## DATASET CONTENT

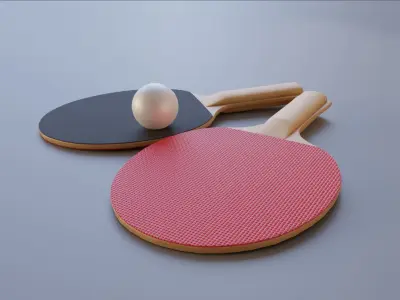 Table Tennis Racket and Ball Low-poly 3D model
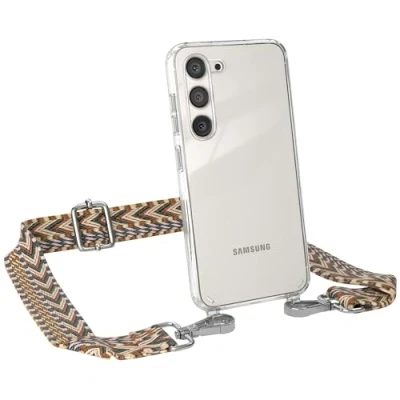 Abbildung von EAZY CASE Handykette Verstellbares Taschenband kompatibel mit Samsung Galaxy S23, Schulterriemen, Handykordel Silikon Hülle, Umhängetasche, Hell Braun/Braun Clips Silber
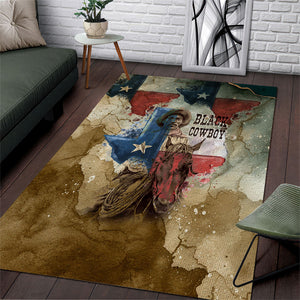 Bill Pickett Texas Flag Area Rug Black Cowboy - Vintage Grunge Watercolor - Horseback Rider Heritage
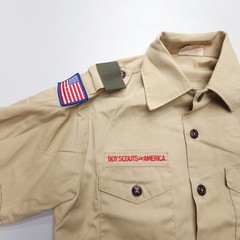 Vintage USA Boy Scouts Of America Boys Uniform Shirt Youth 16 Tan BSA Patches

## EXERCISE DESCRIPTION
With the pictures omitted, restate word for word the lines above from the line that has "Abbildung von EAZY" up to and including the line that has "Bill Pickett Texas", and no other lines.

## EXERCISE ANSWER
 Abbildung von EAZY CASE Handykette Verstellbares Taschenband kompatibel mit Samsung Galaxy S23, Schulterriemen, Handykordel Silikon Hülle, Umhängetasche, Hell Braun/Braun Clips Silber
 Bill Pickett Texas Flag Area Rug Black Cowboy - Vintage Grunge Watercolor - Horseback Rider Heritage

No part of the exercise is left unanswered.